■ DATA EXCERPT:
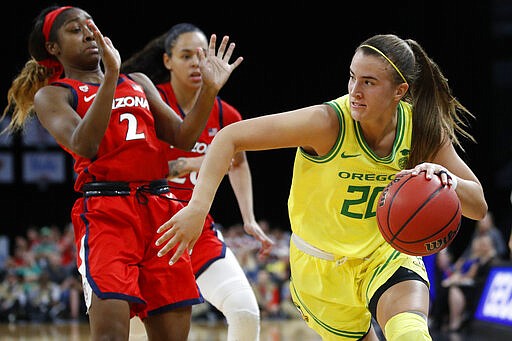 Oregon's Sabrina Ionescu (20) drives around Arizona's Aarion McDonald (2) during the second half of an NCAA college basketball game in the semifinal round of the Pac-12 women's tournament Saturday, March 7, 2020, in Las Vegas. (AP Photo/John Locher)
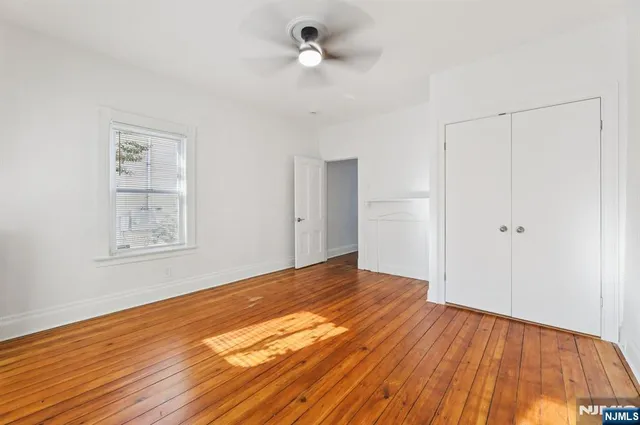 a view of an empty room with wooden floor and a ceiling fan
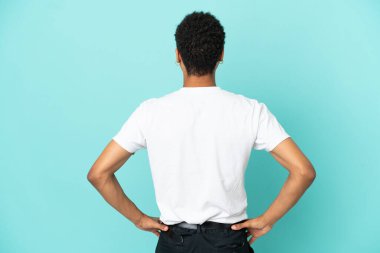 Young African American man isolated on blue background in back position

■ EXERCISE INSTRUCTIONS: The task calls for duplicating the data exactly, with no images kept.

■ EXPECTED ANSWER:
 Oregon's Sabrina Ionescu (20) drives around Arizona's Aarion McDonald (2) during the second half of an NCAA college basketball game in the semifinal round of the Pac-12 women's tournament Saturday, March 7, 2020, in Las Vegas. (AP Photo/John Locher)
 a view of an empty room with wooden floor and a ceiling fan
 Young African American man isolated on blue background in back position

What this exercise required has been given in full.